[Input — start]

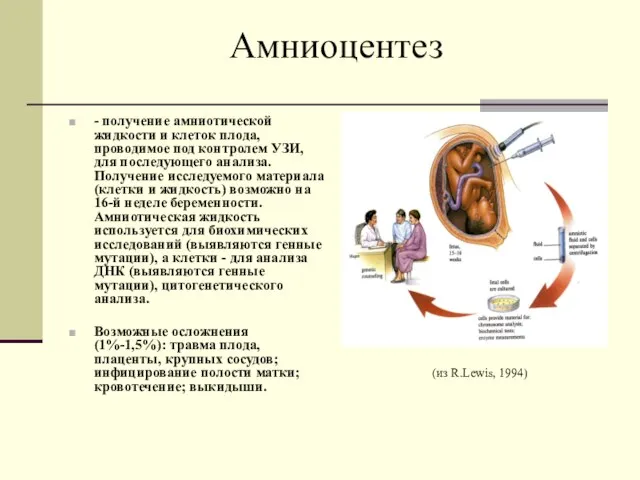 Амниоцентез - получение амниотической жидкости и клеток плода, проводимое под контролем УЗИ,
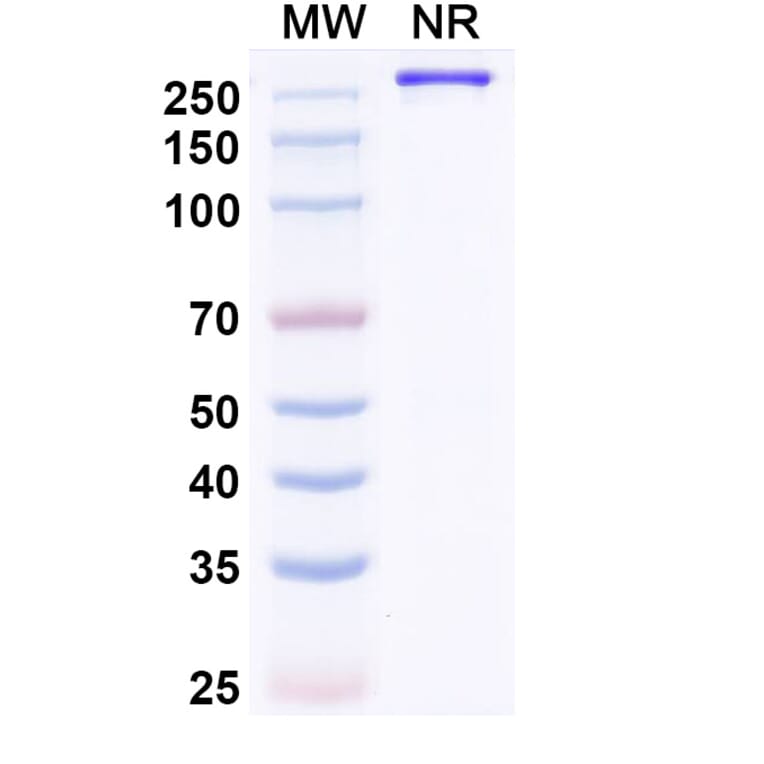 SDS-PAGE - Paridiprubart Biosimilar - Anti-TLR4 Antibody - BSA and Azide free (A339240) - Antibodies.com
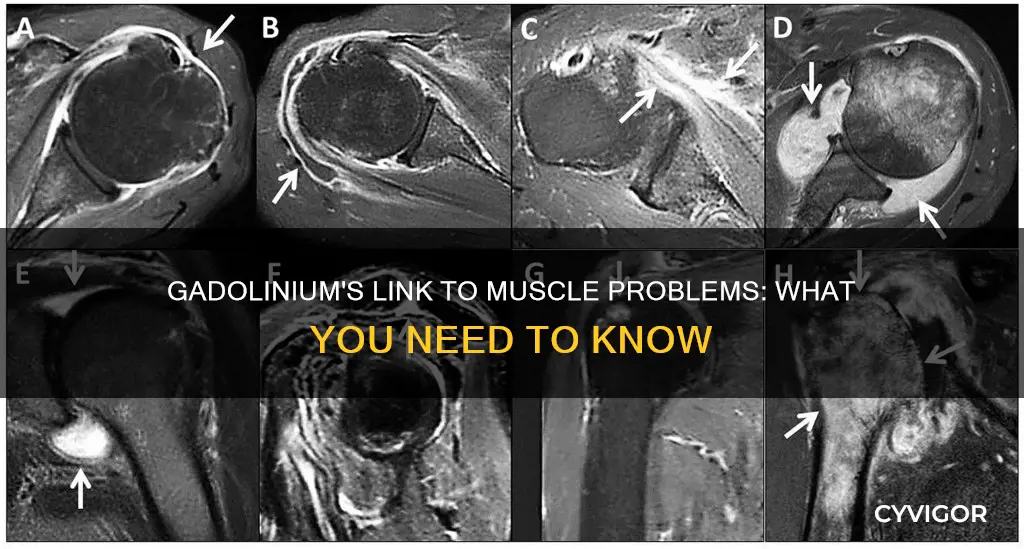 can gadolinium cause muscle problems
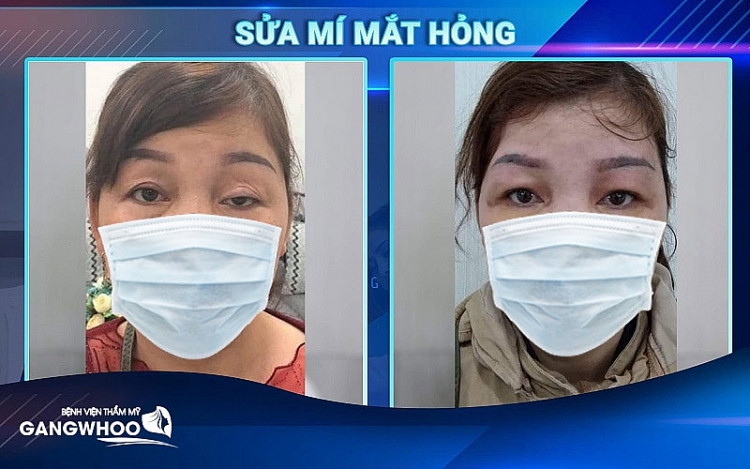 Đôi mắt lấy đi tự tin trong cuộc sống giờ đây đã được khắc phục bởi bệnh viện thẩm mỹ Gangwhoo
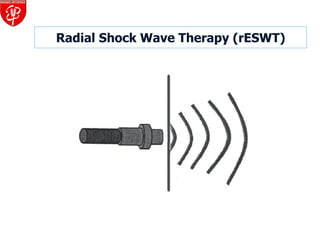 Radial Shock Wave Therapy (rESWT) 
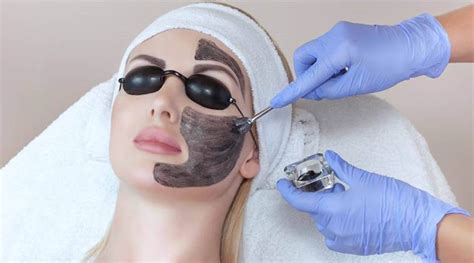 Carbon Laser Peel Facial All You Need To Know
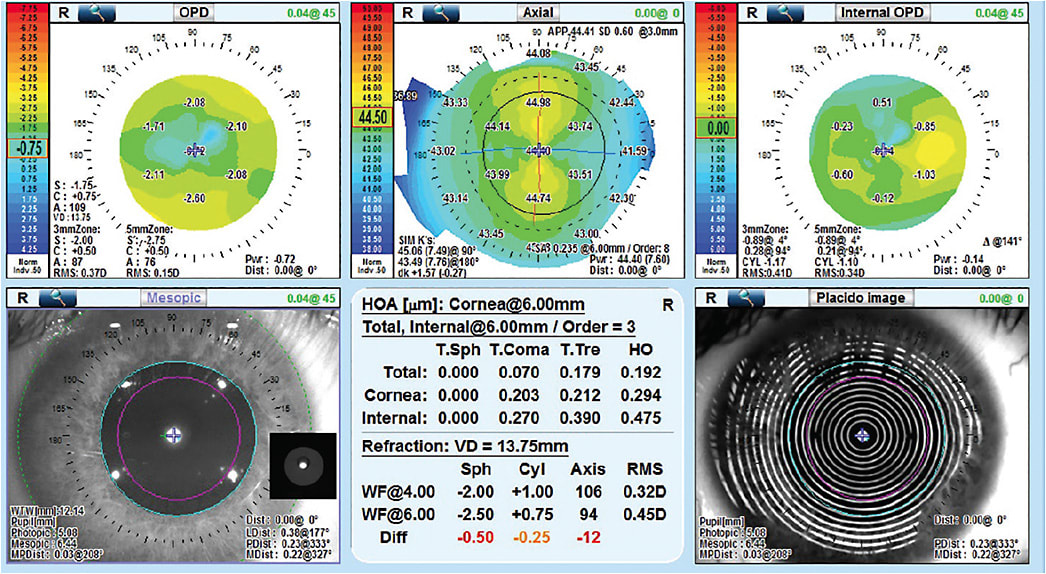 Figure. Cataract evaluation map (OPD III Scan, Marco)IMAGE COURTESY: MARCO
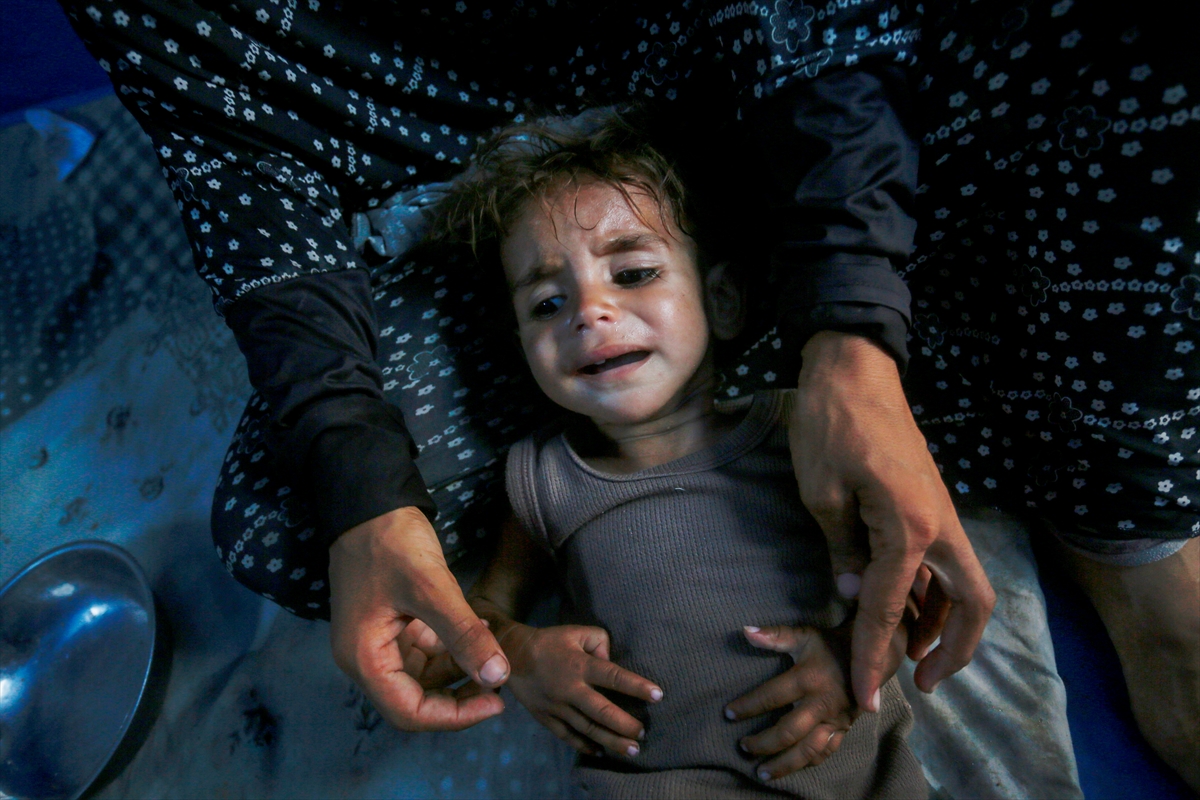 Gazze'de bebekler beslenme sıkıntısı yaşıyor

[Input — finish]

• [What the exercise asks]:
Without any of the pictures, set the entries down again exactly as written.

• [Response for this exercise]:
 Амниоцентез - получение амниотической жидкости и клеток плода, проводимое под контролем УЗИ,
 SDS-PAGE - Paridiprubart Biosimilar - Anti-TLR4 Antibody - BSA and Azide free (A339240) - Antibodies.com
 can gadolinium cause muscle problems
 Đôi mắt lấy đi tự tin trong cuộc sống giờ đây đã được khắc phục bởi bệnh viện thẩm mỹ Gangwhoo
 Radial Shock Wave Therapy (rESWT) 
 Carbon Laser Peel Facial All You Need To Know
 Figure. Cataract evaluation map (OPD III Scan, Marco)IMAGE COURTESY: MARCO
 Gazze'de bebekler beslenme sıkıntısı yaşıyor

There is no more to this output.